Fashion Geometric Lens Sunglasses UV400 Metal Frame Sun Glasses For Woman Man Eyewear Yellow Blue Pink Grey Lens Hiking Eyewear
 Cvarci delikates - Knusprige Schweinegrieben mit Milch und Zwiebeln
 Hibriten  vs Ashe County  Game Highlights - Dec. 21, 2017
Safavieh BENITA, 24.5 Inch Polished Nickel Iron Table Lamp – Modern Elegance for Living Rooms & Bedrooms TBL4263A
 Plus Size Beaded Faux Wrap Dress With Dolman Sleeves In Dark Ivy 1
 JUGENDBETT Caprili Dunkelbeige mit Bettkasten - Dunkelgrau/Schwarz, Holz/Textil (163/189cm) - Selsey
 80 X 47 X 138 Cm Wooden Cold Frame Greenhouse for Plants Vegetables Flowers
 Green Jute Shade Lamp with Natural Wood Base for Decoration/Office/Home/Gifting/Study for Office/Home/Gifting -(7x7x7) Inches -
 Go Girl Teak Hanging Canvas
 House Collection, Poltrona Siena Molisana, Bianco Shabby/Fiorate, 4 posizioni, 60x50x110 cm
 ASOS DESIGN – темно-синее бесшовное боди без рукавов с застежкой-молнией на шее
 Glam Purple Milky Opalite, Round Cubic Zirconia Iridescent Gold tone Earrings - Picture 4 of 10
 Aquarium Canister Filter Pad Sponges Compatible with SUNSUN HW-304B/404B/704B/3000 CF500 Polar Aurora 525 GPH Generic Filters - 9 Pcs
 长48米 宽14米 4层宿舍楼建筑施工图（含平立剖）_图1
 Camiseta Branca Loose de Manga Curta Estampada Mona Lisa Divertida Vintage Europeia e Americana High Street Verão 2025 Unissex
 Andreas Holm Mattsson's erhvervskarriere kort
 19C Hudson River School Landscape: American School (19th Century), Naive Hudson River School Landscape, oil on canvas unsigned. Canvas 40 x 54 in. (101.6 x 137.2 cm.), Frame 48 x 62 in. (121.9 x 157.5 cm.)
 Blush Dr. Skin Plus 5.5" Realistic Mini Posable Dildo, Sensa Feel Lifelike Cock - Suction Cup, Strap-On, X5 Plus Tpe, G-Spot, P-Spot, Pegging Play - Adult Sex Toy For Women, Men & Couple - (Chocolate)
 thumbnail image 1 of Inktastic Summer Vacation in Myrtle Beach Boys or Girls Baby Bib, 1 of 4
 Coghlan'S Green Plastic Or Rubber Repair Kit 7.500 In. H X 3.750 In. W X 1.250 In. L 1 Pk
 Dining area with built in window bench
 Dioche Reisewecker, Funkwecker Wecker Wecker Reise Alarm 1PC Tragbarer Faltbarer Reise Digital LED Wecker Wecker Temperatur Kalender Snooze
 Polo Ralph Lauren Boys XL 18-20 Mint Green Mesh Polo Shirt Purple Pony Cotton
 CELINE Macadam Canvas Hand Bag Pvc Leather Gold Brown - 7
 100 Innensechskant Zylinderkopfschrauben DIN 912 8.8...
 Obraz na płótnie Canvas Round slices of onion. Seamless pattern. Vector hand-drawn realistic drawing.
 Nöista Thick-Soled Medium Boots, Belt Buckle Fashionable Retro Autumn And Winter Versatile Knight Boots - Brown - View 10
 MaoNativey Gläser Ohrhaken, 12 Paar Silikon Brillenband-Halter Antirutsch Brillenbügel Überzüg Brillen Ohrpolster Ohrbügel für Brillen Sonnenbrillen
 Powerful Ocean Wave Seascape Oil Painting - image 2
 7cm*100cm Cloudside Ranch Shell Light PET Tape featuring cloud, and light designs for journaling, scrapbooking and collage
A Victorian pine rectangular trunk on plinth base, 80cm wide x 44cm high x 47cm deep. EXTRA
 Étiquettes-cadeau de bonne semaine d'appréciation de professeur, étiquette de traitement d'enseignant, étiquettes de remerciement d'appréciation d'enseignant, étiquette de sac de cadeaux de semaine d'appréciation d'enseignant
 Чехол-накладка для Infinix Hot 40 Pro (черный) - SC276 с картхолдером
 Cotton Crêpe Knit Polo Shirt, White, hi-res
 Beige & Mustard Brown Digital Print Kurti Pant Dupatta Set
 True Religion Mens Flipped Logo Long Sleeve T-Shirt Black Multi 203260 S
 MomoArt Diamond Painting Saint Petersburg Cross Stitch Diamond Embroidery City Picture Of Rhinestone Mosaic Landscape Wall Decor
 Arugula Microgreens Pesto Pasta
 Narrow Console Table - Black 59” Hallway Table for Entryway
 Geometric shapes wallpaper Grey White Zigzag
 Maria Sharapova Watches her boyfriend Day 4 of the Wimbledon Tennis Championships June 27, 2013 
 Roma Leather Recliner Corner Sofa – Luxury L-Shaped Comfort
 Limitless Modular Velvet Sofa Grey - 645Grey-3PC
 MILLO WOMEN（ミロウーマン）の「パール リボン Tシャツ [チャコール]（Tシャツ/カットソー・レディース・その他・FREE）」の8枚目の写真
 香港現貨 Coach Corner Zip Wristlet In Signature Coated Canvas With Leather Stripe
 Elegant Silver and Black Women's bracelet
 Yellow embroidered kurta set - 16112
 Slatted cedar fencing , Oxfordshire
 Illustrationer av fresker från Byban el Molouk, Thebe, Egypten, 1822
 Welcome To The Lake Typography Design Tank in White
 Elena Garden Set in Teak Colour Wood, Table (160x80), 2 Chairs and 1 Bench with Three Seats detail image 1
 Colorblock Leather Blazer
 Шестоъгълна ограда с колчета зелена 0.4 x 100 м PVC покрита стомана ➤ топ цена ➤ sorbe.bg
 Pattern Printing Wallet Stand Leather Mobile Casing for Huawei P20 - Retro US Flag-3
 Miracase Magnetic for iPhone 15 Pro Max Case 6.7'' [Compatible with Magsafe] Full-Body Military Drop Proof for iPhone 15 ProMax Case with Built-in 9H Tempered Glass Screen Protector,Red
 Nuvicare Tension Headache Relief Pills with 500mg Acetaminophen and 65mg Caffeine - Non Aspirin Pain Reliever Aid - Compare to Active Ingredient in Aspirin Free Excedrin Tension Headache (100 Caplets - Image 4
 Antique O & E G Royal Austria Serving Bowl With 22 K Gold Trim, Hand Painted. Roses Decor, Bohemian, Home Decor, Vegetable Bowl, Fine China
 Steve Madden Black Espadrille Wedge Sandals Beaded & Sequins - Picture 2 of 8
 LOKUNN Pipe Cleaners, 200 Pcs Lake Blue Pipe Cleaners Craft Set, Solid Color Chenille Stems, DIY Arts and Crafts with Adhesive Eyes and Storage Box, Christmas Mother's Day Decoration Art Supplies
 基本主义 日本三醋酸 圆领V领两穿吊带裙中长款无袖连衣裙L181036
══════════════════════════════
▸ **Required work**:
Quote the data above from the line containing "19C Hudson River" to the line containing "CELINE Macadam Canvas", inclusive, and stop.

▸ **Response to the task**:
 19C Hudson River School Landscape: American School (19th Century), Naive Hudson River School Landscape, oil on canvas unsigned. Canvas 40 x 54 in. (101.6 x 137.2 cm.), Frame 48 x 62 in. (121.9 x 157.5 cm.)
 Blush Dr. Skin Plus 5.5" Realistic Mini Posable Dildo, Sensa Feel Lifelike Cock - Suction Cup, Strap-On, X5 Plus Tpe, G-Spot, P-Spot, Pegging Play - Adult Sex Toy For Women, Men & Couple - (Chocolate)
 thumbnail image 1 of Inktastic Summer Vacation in Myrtle Beach Boys or Girls Baby Bib, 1 of 4
 Coghlan'S Green Plastic Or Rubber Repair Kit 7.500 In. H X 3.750 In. W X 1.250 In. L 1 Pk
 Dining area with built in window bench
 Dioche Reisewecker, Funkwecker Wecker Wecker Reise Alarm 1PC Tragbarer Faltbarer Reise Digital LED Wecker Wecker Temperatur Kalender Snooze
 Polo Ralph Lauren Boys XL 18-20 Mint Green Mesh Polo Shirt Purple Pony Cotton
 CELINE Macadam Canvas Hand Bag Pvc Leather Gold Brown - 7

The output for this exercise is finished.